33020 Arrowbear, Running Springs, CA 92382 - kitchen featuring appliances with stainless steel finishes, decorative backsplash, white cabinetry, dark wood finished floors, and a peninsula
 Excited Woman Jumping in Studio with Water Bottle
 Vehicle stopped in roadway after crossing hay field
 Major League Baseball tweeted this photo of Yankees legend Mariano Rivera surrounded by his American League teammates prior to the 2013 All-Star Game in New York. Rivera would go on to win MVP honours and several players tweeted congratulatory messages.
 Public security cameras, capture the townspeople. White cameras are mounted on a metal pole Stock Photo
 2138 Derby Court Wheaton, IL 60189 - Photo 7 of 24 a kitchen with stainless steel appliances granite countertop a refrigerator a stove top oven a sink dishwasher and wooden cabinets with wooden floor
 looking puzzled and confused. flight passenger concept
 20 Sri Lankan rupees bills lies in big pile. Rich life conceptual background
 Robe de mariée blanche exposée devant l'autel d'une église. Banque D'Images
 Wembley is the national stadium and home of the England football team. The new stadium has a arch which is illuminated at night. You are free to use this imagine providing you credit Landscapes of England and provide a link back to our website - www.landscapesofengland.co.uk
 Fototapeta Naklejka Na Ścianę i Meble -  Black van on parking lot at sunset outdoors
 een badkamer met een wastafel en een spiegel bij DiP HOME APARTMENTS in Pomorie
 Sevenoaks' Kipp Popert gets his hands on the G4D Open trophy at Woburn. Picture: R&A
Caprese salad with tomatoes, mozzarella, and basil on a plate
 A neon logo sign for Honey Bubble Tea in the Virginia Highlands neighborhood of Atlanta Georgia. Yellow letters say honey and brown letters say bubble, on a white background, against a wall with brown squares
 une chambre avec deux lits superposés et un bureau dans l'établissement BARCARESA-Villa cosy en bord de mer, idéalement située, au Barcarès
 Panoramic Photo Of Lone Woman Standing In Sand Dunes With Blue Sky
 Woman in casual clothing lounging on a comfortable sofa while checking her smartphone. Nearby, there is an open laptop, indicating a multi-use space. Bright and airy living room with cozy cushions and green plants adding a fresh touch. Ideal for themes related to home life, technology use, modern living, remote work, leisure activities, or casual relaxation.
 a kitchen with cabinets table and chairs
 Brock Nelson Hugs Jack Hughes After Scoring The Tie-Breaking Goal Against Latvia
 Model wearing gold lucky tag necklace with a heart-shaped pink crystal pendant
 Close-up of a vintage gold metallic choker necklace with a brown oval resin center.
---
Print again the lines of the entries above that fall between the line holding "Excited Woman Jumping" and the line holding "Vehicle stopped in", inclusive, exactly as they stand.

 Excited Woman Jumping in Studio with Water Bottle
 Vehicle stopped in roadway after crossing hay field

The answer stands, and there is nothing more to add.